Despite individual state laws and regulations that make it more difficult for gay and lesbian couples to adopt, only Utah and Mississippi prohibit gay and lesbian adoptions, and this New York Times article says that the number of same-sex adoptions rose 11 percent from 2000-2009.
According to the article “about 19 percent of same-sex couples raising children reported having an adopted child in the house in 2009, up from just 8 percent in 2000.”
The article said that there are two big reasons for the rise in same-sex adoptions: “the need for homes for children currently waiting for adoption…and the increased acceptance of gays and lesbians in American society.”
While there is a rise in gay and lesbian adoptions, there are still many obstacles that must be cleared. One large hurdle is the fact that many states do not allow both parents to legally adopt each child. The family featured in the article solves this issue by bringing the children together with custody agreements. However, the article said that custody agreements do not provide full parental rights to each parent, and the two fathers need to keep individual insurance policies for the children they’ve individually adopted.
Gary Gates, who is a demographer at the Williams Institute on Sexual Orientation Law at the University of California, Los Angeles, estimates in the article that only 4 percent, or about 65,000 of adopted children have gay or lesbian parents.
While the number is small, it is growing, and recently the Obama administration “noted the bigger role that gays and lesbians can play in adoption” according to the article.
“The child welfare system has come to understand that placing a child in a gay or lesbian family is no greater risk than placing them in a heterosexual family,” Bryan Samuels, the Commissioner for the Administration on Children, Youth and Families said in an interview according to the article.

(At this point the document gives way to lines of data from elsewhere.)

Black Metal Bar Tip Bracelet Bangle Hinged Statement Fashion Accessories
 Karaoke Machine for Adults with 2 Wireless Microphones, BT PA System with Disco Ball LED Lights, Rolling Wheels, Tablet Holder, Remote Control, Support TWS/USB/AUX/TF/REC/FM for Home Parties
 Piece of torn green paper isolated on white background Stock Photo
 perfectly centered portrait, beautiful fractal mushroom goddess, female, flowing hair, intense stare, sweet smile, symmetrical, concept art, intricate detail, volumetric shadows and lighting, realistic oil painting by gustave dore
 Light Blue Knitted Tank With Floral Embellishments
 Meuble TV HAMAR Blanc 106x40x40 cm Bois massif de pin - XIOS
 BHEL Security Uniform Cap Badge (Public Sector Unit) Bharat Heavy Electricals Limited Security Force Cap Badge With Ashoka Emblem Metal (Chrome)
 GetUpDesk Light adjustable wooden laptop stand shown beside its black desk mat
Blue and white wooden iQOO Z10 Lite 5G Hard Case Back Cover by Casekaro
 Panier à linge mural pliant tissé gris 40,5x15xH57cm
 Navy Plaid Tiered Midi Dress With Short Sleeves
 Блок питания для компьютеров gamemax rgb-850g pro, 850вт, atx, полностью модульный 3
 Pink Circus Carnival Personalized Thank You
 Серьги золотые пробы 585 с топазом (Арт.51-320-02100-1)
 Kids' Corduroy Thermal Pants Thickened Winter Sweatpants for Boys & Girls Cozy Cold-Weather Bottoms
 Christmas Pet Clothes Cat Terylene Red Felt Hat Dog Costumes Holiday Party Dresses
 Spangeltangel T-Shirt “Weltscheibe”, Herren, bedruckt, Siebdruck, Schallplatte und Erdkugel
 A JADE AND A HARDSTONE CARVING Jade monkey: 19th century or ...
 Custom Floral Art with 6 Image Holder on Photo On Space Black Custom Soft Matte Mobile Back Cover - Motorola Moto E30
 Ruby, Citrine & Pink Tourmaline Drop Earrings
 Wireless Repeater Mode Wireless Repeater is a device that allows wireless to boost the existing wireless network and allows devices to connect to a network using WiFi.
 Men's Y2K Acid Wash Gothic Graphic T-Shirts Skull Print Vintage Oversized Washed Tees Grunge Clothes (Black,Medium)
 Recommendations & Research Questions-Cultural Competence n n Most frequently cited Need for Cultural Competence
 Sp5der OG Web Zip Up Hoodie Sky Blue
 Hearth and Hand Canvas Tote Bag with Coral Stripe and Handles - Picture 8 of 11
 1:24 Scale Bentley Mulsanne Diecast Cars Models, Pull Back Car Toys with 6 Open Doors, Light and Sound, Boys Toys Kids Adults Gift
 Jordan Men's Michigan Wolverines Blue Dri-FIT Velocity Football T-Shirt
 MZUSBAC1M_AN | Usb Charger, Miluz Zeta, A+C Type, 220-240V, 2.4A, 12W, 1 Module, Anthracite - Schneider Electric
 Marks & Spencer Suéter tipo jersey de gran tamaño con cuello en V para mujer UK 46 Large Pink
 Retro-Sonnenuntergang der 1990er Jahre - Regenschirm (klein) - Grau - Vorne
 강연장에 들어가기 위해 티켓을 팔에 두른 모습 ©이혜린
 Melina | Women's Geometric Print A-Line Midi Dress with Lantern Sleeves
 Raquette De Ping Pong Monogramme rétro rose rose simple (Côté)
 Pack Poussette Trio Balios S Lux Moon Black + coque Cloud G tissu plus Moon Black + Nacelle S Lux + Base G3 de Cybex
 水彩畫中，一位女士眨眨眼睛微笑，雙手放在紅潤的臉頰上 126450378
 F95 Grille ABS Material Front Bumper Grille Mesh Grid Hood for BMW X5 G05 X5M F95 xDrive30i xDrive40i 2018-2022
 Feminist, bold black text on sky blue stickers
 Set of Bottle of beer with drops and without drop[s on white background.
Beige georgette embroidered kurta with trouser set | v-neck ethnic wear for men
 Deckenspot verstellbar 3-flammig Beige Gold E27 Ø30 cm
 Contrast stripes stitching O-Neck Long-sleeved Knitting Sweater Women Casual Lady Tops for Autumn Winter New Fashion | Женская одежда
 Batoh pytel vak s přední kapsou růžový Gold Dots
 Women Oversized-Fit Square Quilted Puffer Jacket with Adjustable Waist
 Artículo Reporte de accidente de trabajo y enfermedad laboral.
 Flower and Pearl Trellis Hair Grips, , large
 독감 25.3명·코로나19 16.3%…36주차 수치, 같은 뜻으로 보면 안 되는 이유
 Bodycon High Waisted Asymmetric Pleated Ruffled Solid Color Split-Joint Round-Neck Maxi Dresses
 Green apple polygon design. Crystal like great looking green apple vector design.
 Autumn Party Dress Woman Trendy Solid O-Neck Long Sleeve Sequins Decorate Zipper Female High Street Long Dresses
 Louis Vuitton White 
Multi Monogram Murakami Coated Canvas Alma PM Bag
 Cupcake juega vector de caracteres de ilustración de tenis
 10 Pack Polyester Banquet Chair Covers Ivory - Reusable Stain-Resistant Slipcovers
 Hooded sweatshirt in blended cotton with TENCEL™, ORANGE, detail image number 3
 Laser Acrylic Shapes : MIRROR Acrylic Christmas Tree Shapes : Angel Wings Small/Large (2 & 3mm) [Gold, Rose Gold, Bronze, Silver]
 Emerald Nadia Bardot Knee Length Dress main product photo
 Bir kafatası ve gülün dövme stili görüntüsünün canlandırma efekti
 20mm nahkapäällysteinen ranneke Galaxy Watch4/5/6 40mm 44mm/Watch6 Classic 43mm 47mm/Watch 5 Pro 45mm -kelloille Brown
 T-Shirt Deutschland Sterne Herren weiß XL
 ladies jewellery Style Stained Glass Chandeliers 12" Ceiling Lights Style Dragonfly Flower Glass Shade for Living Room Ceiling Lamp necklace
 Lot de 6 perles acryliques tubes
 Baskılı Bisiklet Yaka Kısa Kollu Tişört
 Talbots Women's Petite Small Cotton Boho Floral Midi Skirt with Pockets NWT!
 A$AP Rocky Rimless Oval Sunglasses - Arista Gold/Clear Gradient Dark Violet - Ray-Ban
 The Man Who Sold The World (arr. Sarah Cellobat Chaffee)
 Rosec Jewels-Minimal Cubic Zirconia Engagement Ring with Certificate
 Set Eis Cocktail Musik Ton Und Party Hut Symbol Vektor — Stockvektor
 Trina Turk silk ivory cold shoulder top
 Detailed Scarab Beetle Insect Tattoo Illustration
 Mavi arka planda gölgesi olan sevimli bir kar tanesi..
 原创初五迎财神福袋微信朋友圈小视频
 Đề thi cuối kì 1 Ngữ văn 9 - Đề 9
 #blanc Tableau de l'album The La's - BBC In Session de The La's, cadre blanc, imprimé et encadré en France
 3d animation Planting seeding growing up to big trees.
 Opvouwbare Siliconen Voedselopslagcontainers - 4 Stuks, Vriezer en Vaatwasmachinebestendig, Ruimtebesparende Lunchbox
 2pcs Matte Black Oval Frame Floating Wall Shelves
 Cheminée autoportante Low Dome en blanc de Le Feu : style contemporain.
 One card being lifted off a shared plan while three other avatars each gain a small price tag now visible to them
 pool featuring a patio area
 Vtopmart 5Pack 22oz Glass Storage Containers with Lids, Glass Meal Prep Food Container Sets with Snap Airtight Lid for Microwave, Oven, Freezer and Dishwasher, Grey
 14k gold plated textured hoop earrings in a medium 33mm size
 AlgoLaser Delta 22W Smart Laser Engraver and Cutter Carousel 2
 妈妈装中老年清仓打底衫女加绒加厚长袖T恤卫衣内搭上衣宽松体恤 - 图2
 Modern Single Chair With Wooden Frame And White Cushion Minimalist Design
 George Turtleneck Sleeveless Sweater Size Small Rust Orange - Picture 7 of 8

Obviously there is a long way to go for same-sex couples to be fully accepted as adoptive parents, and it is interesting that it took this long for the government to say that a child raised by a same-sex couple is at “no greater risk” than if he was raised by a heterosexual couple. With so many children in need of a loving, caring, and responsible home, it is great to see that more same-sex couples are looking to take on these challenges.